• **BRIEF**: Whatever pictures appear, omit them, and repeat the data below exactly.

• **SOURCE MATERIAL**:

════

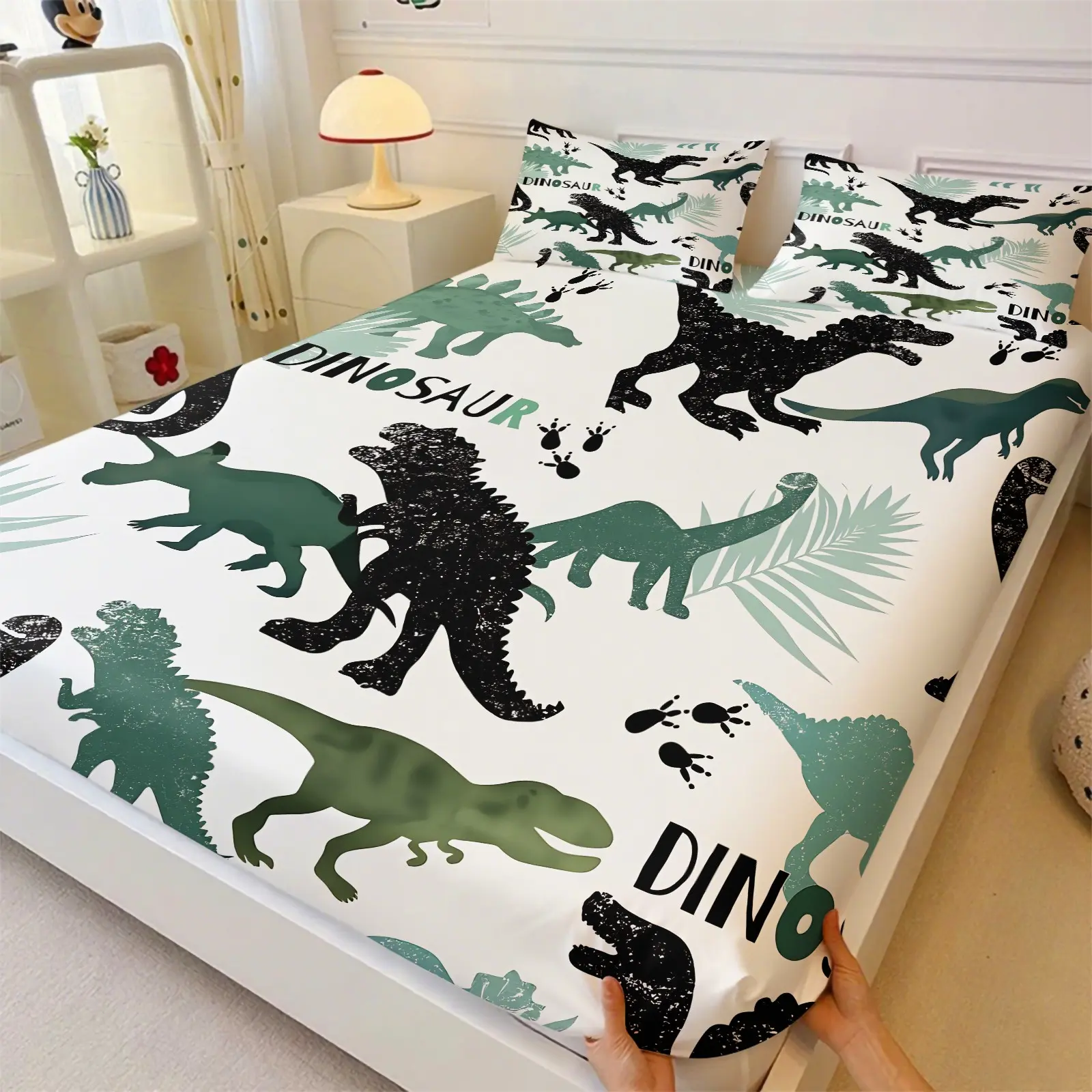 3Pcs Cartoon Vintage Dinosaur Fitted Sheet Set No Fillers, Dino Silhouette Palm Leaves Bed Sheet Set, Jungle Style Bedding Set with Pillowcases, Deep Pocket Bedding for Kids Boys Toddler Bedroom Nursery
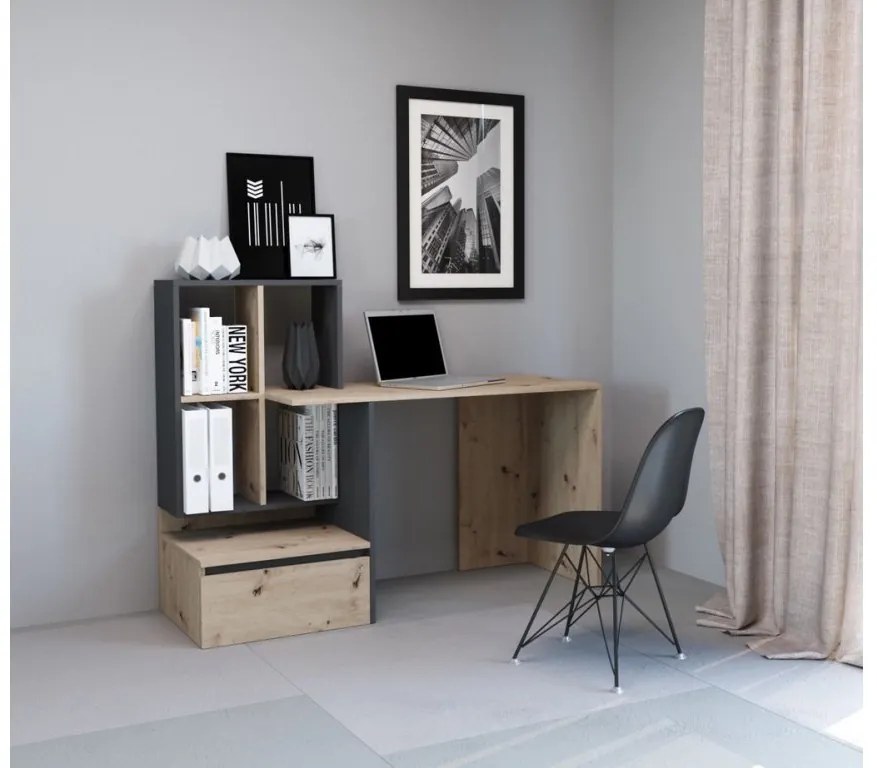 PC asztal Paca 2 (artisan tölgy + antracit). 1048465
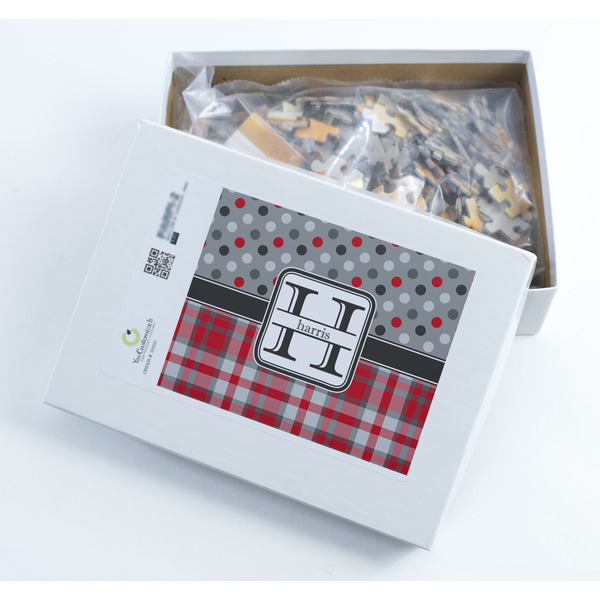 Red & Gray Dots and Plaid Jigsaw Puzzle 252 Piece - Box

════

• **ANSWER TO THIS PROBLEM**:
 3Pcs Cartoon Vintage Dinosaur Fitted Sheet Set No Fillers, Dino Silhouette Palm Leaves Bed Sheet Set, Jungle Style Bedding Set with Pillowcases, Deep Pocket Bedding for Kids Boys Toddler Bedroom Nursery
 PC asztal Paca 2 (artisan tölgy + antracit). 1048465
 Red & Gray Dots and Plaid Jigsaw Puzzle 252 Piece - Box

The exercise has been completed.